Question

A solid ball of radius R has a charge density $\rho $given by \[\rho = {\rho _0}\left( {1 - {\text{ }}r/R} \right)\] for \[0{\text{ }} < {\text{ }}r < R\]. The electric field outside the ball is:
A. $\dfrac{{{\rho _0}{R^3}}}{{{\varepsilon _0}{r^2}}}$
B. $\dfrac{{{\rho _0}{R^3}}}{{12{\varepsilon _0}{r^2}}}$
C. $\dfrac{{4{\rho _0}{R^3}}}{{3{\varepsilon _0}{r^2}}}$
 D. $\dfrac{{3{\rho _0}{R^3}}}{{4{\varepsilon _0}{r^2}}}$

Answer 1

Hint: Using the formula for charge density outside the charged sphere, we will establish a relation. Then to find the charge distribution in the sphere, we will integrate it over the given limits and determine it. Finally, upon substitution of this value of charge in the relation we established earlier, we will be able to determine the electric field outside the ball.

Formula used:
Electric field outside the ball: ${E_{out}} = \dfrac{1}{{4\pi {\varepsilon _0}}}\dfrac{q}{{{r^2}}}$
Where $r$ is the distance from the center of the ball to outside and is expressed in meter $(m)$, ${\varepsilon _0}$ is the permittivity of air and has an approximate value of \[1\] in vacuum, $q$ is the charge on the sphere and is expressed in Coulombs $(C)$ and ${E_{out}}$ is the electric field outside the ball and is expressed in Newton per Coulomb $(N/C)$.
Charge density: $q = \smallint \rho dv$
Where $q$ is the charge on the sphere and is expressed in Coulombs $(C)$ and $dv$ is the change in volume of the sphere and is expressed in meter cube $({m^3})$.
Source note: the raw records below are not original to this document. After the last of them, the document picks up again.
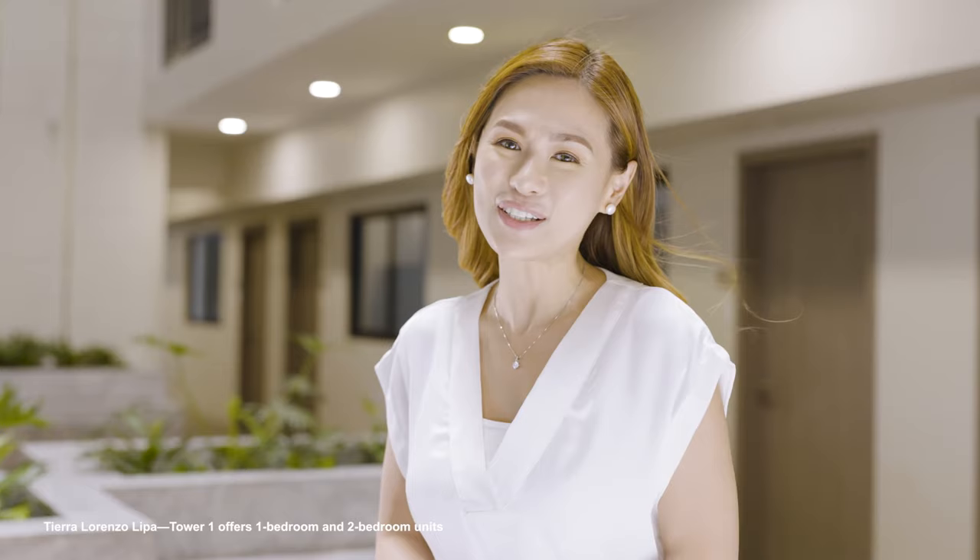I invite you to come home to a prestigious address. Tierra Lorenzo Lipa Tower 1 is now ready for occupancy. We look forward to welcoming you here. Send us a message now to learn more. Thank you.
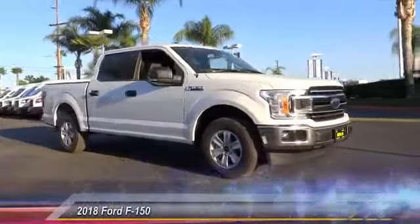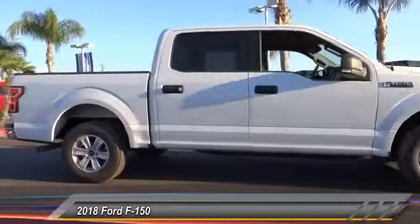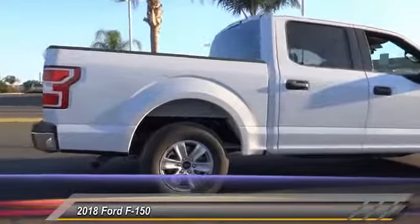The 2018 F-150. A Ford F-150 knows how to handle any situation. It's built to follow orders. No whining.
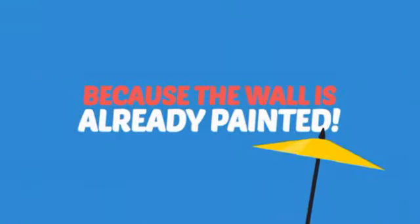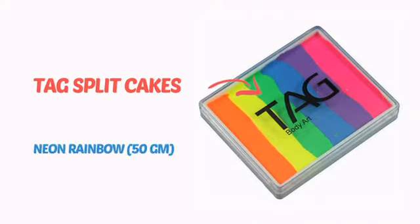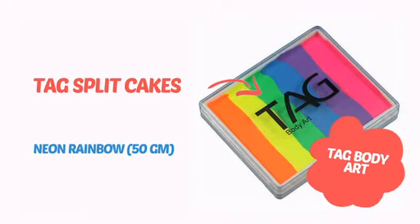Why paint the face? Because the wall is already painted! It's time to make some tiny faces happy with this face paint from TAG Body Art.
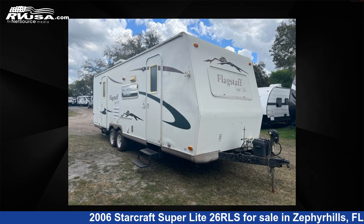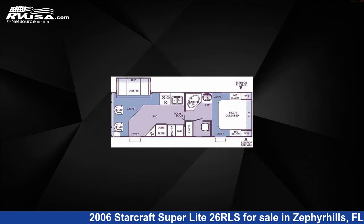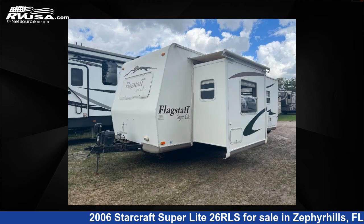This 2006 StarCraft Superlite 2.6 RLS is a travel trailer RV. It is located in Zephyrhills, FL 33540 and is offered for sale by Optimum RV, Zephyrhills.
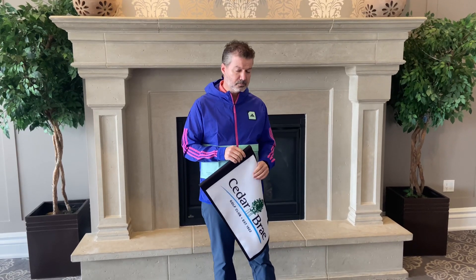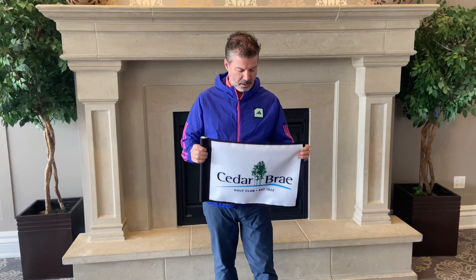Good morning everybody and welcome back to another product of the week. We've got the Masters in two weeks, which means golf season is right around the corner. For this week's product of the week, we've got something I've been asked for over the years a number of times in the pro shop — I always regrettably had to say no, we don't have them in stock — but I was able to order a limited number of Cedar Bray flags.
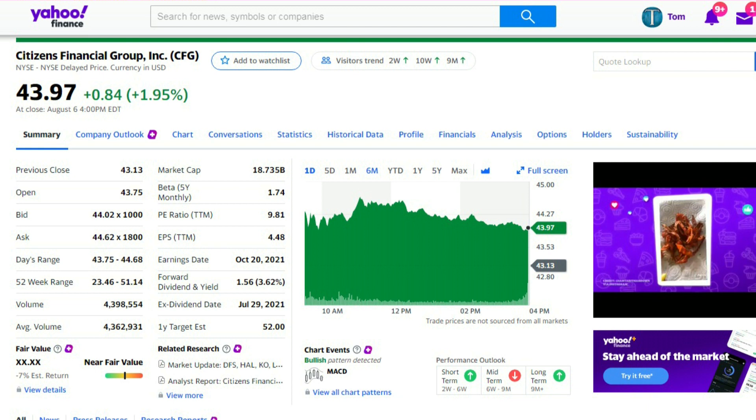It's priced the way it should be according to those who dug deep. The P/E ratio, the third item down the middle column, is 9.81 — that's very good, anything under 10 is excellent. The forward dividend yield, about two-thirds of the way down the middle column, is 3.62%, with $1.56 paid per share. They had EPS earnings of $4.48, so the dividend payment looks safe. The one-year target price at the bottom of the middle column is $52, giving you both a dividend and a potential growth play.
Complete step by step answer:

It is given that the charge density of the sphere is \[\rho = {\rho _0}\left( {1 - {\text{ }}r/R} \right)\] over a distance range of \[0{\text{ }} < {\text{ }}r < R\].
Assuming the sphere is in vacuum, the charge density of it from the surface to the periphery is
\[q = \smallint \rho dv{ = _0}{\smallint ^R}{\rho _0}\left( {1 - {\text{ }}r/R} \right)dv\]
But, $dv = 4\pi {r^2}dv$ where $dv$ is the rate of change of radius $r$.
Substituting this we get,
$q{ = _0}{\smallint ^R}{\rho _0}\left( {1 - \dfrac{r}{R}} \right)4\pi {r^2}dv$
Upon further simplification and substitution of limit we get,
$q = \dfrac{{\pi {\rho _0}{R^3}}}{3}$
We know that the intensity of electric field outside a charged sphere is given by the equation ${E_{out}} = \dfrac{1}{{4\pi {\varepsilon _0}}}\dfrac{q}{{{r^2}}}$
Upon substitution of the value of charge calculated for the given sphere we get,
${E_{out}} = \dfrac{1}{{4\pi {\varepsilon _0}}}\dfrac{q}{{{r^2}}} = \dfrac{1}{{4\pi {\varepsilon _0}}}\dfrac{1}{{{r^2}}} \times \dfrac{{\pi {\rho _0}{R^3}}}{3}$
Simplifying we establish the following relation,
$
  {E_{out}} = \dfrac{1}{{4\pi {\varepsilon _0}}}\dfrac{1}{{{r^2}}} \times \dfrac{{\pi {\rho _0}{R^3}}}{3} \\
   \Rightarrow {E_{out}} = \dfrac{{{\rho _0}{R^3}}}{{12{\varepsilon _0}{r^2}}} \\
 $

So, the correct answer is “Option B”.

Note:
The value of the range of charge distribution is from the center of the sphere to the periphery.
The range denotes that the charge density can be calculated for any point between the center to the edges.